Não tenhamos ilusões. As alianças no primeiro turno serão difíceis, apesar de necessárias. E o PSDB encontra-se no centro desta discussão.
As dificuldades se existem no plano ideológico não são, todavia, incontornáveis, pois a atual social-democracia pode fixar pontos comuns com alas do pensamento neoliberal em um país mergulhado na pobreza como o Brasil.
O fundamental está em estabelecer papéis claros e complementares entre o mercado e o Estado. O mercado deve ser valorizado no reconhecimento de que a livre iniciativa cumpre tarefa social ao criar pólos de atividade econômica, viabilizando empregos e buscando melhoria tecnológica.
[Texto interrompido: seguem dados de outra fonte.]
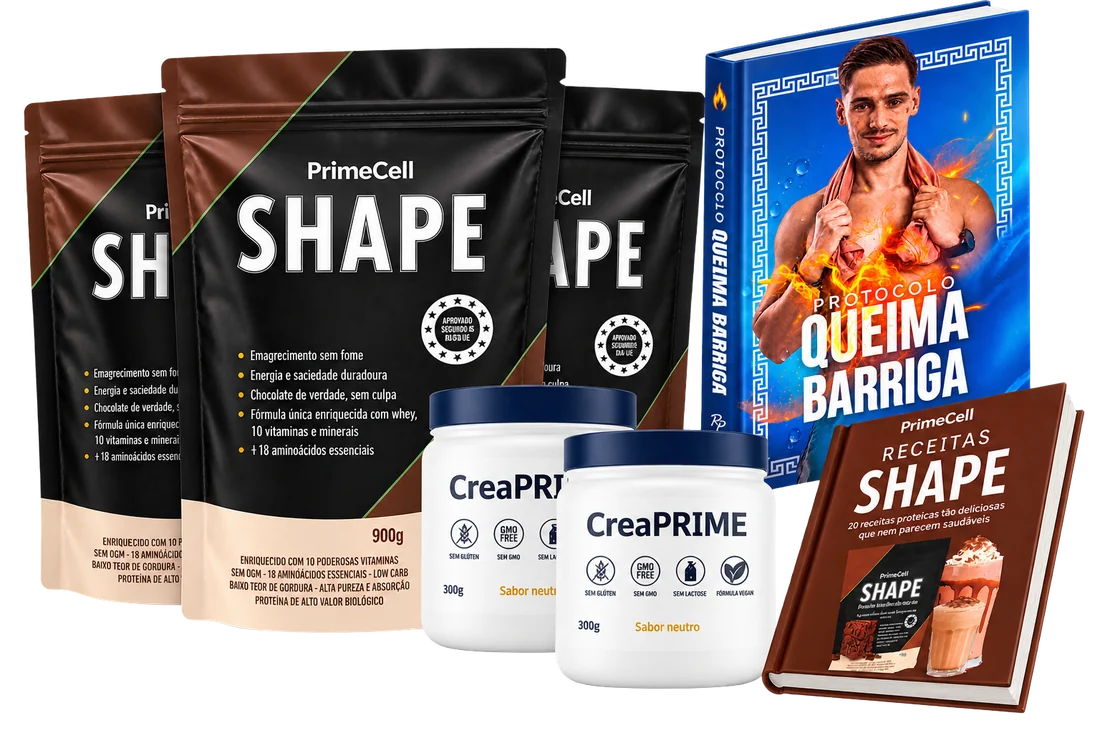 3 embalagens SHAPE + 2 CreaPrime + livros grátis
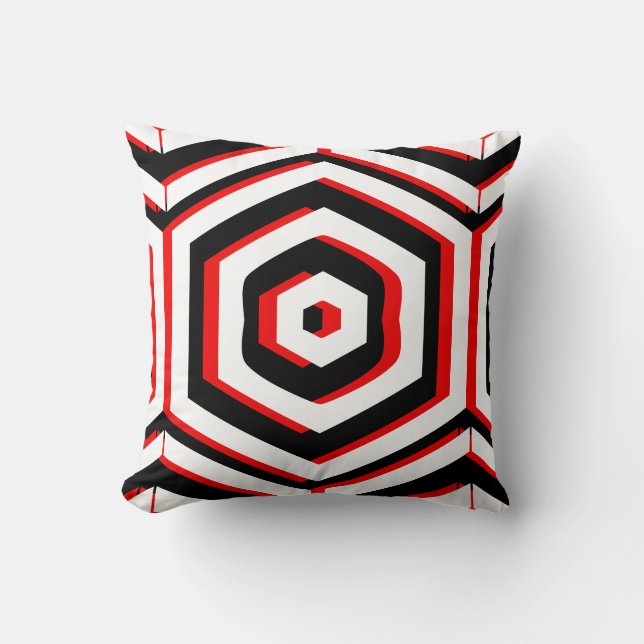 Black, red, white  abstract pattern solid back cushion (Front)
Uma das armas de controle do mercado é a própria livre concorrência, que deve ser preservada na contenção de posições dominantes, que levam ao abuso do poder econômico. Não bastará, todavia, contar unicamente com o próprio mercado.
Será sempre necessário proteger o adquirente, não só dando eficácia ao Código de Defesa do Consumidor, mas promovendo a organização de entidades de consumidores, facilitando formas de atuar contra os ardis dos fornecedores.
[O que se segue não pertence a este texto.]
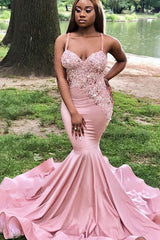 Glamorous Blushing Pink Straps Appliques Sequins Mermaid Prom Dresses-Ballbella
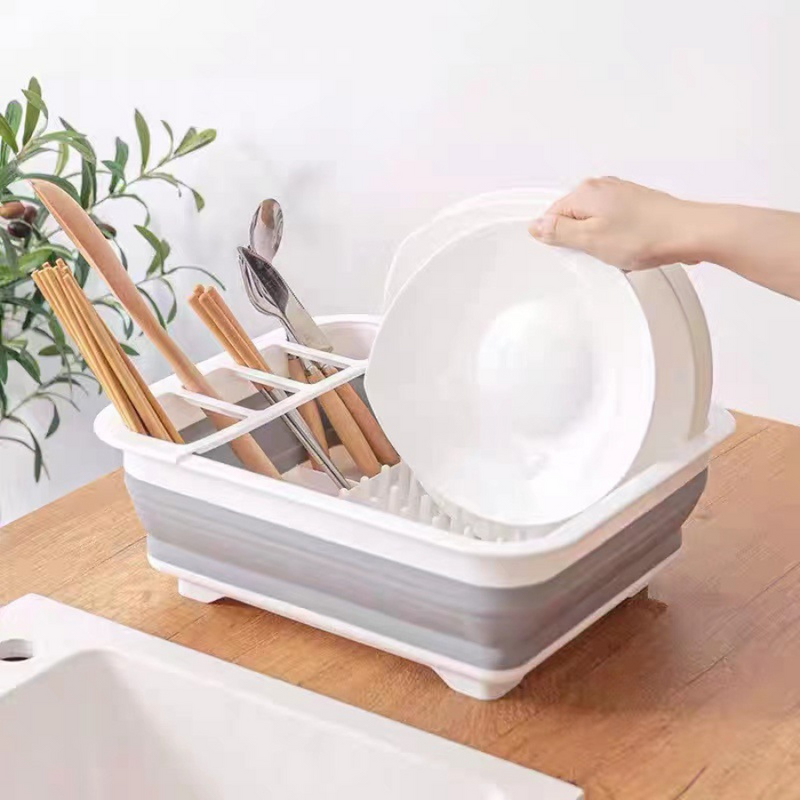 Foldable Dish Rack & Drainer - Space-Saving Kitchen Organizer with Drainage System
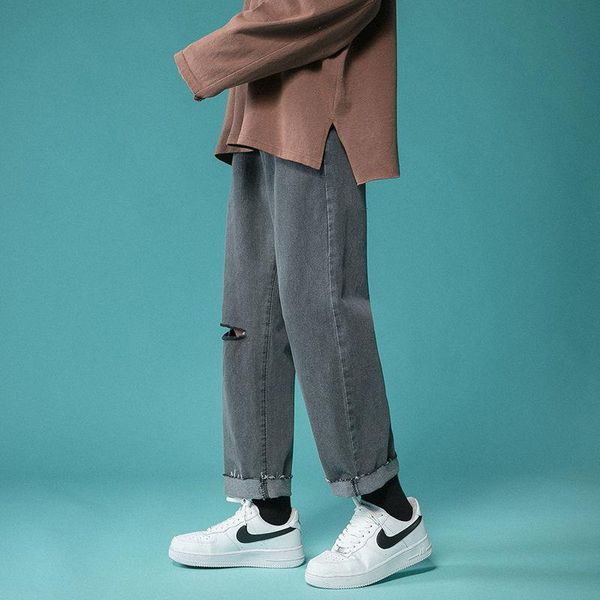 

men's jeans ripped korean style straight fashion loose streetwear hip-hop wide-leg trousers, Blue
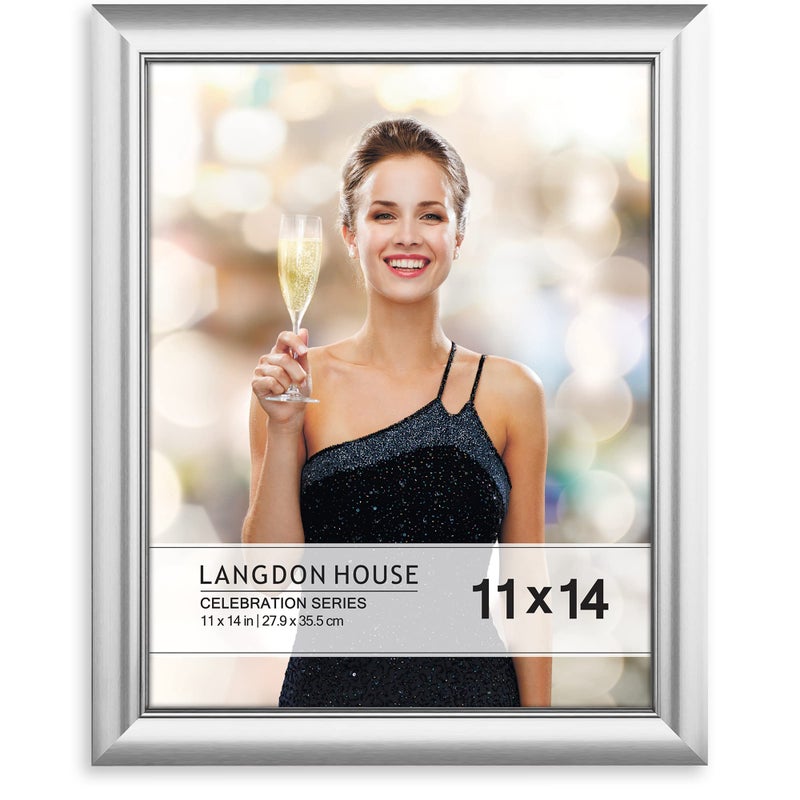 Langdon House 11x14 Silver Picture Frame, Contemporary Glam Photo Frame 11 x 14, Wall Mount or Table Top, Celebration Collection - Image 1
Mas, no Brasil, estigmatizado por imensas manchas de excluídos, não há como não reconhecer uma essencial missão do Estado: planejar sua atividade e orientar e incentivar a ação privada, de modo a caminhar em direção ao equilíbrio social, à distribuição de renda, permitindo o acesso da maioria desprotegida a condições de se desenvolver como pessoa humana.
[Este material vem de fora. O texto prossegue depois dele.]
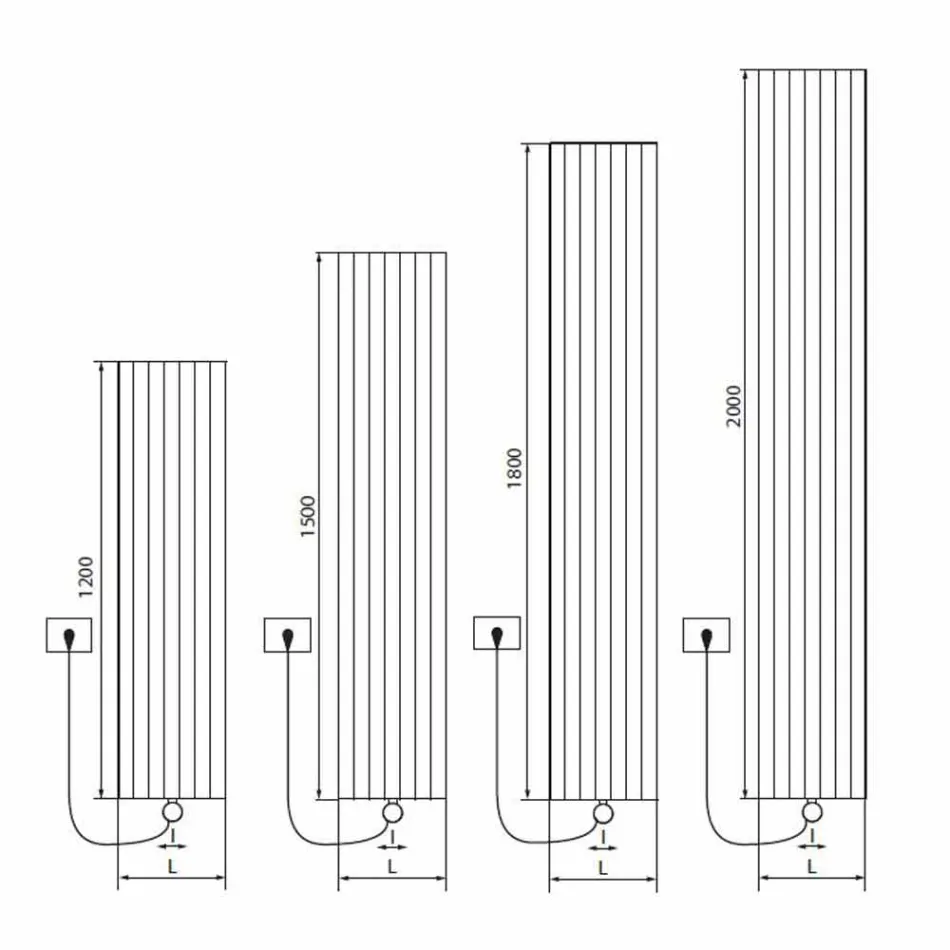 Proiectare radiator electric de perete din aluminiu modern 1000 W - 100 linii Viadurini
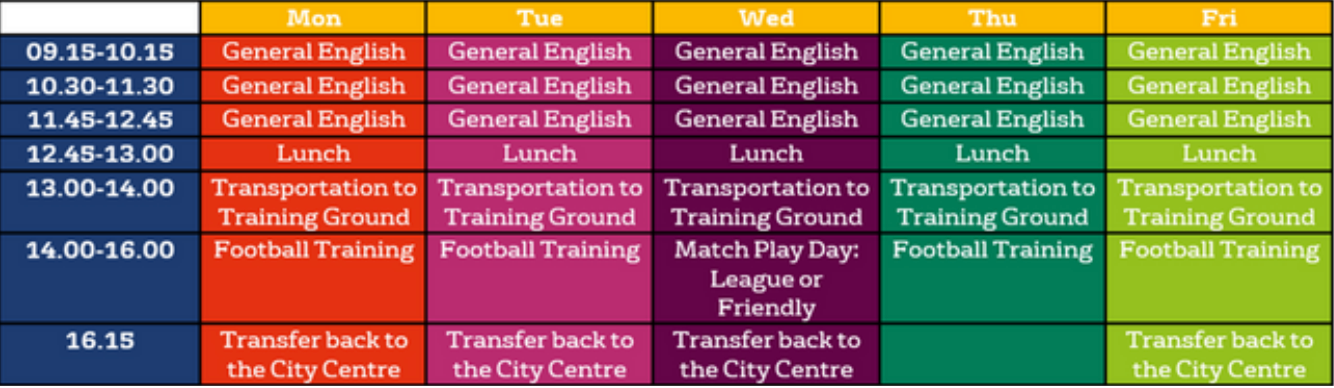 A sample timetable of IHM Manchester.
Desta forma, políticas públicas nas áreas sociais são indispensáveis e creio que nenhum neoliberal, ciente e consciente do quadro brasileiro, terá coragem de se opor a um programa de outorga de cidadania real a milhões de desassistidos.
A redução do Estado como agente econômico, em consonância com o ajuste fiscal, é meta que o PSDB, ao lado de outros partidos, vem realizando, como se constata pela aprovação conjunta do Plano FHC.
Por outro lado, vivo combate devem sofrer o clientelismo e o corporativismo, dois grandes males da vida nacional.
A luta contra o clientelismo vem a ser o ponto básico e mais árduo de um acordo, que não deve se limitar, por exemplo, ao PFL, hipótese esta mais discutida, mas se estender ao PTB, PP, PL, PV e ao PPS.
A transparência na administração pública é um apanágio do PSDB, pois representa a imagem que se tem e que temos de nós mesmos, tucanos, não sendo, entretanto, a característica de algumas das forças do PFL ou do PTB, comprometidas com sinecuras em sua história distante e próxima.
Neste ponto o PSDB deve ser intransigente, pois a adesão ao nosso partido, se houver, não há de se limitar ao apoio ao candidato em troca de cargos, mas, sim, ir além mesmo de se firmar um programa comum de governo. Deve haver a adesão a uma forma de ser governo, caracterizada pela transparência, descentralização e estrito controle da moralidade administrativa.
É de se destacar, na forma de ser governo, a exigência de valorização das instituições da sociedade civil, mediante sua participação política na fixação de prioridades governamentais.
Tal não se confunde com o corporativismo, que sobrepõe ao interesse geral a vantagem de determinado grupo particular, mal este hoje incrustado em parte considerável da CUT e no PT.
Cabe ao PSDB, em larga aliança, dar o tom, fixar a mentalidade do trabalho a se desenvolver na campanha e depois no governo, tendo-se na figura de Fernando Henrique Cardoso, como cabeça de chapa, a garantia da vigência destas diretrizes.
Se assim for, por que não alianças?
Ficar amarrado a idiossincrasias imobilizadoras do avanço político será prestar vassalagem a preconceitos, que permitirão apenas a satisfação de isoladamente gozar o orgulho da virtude.
O momento político exige este esforço de todas as partes, com vista a assegurar a estabilização da economia e da democracia.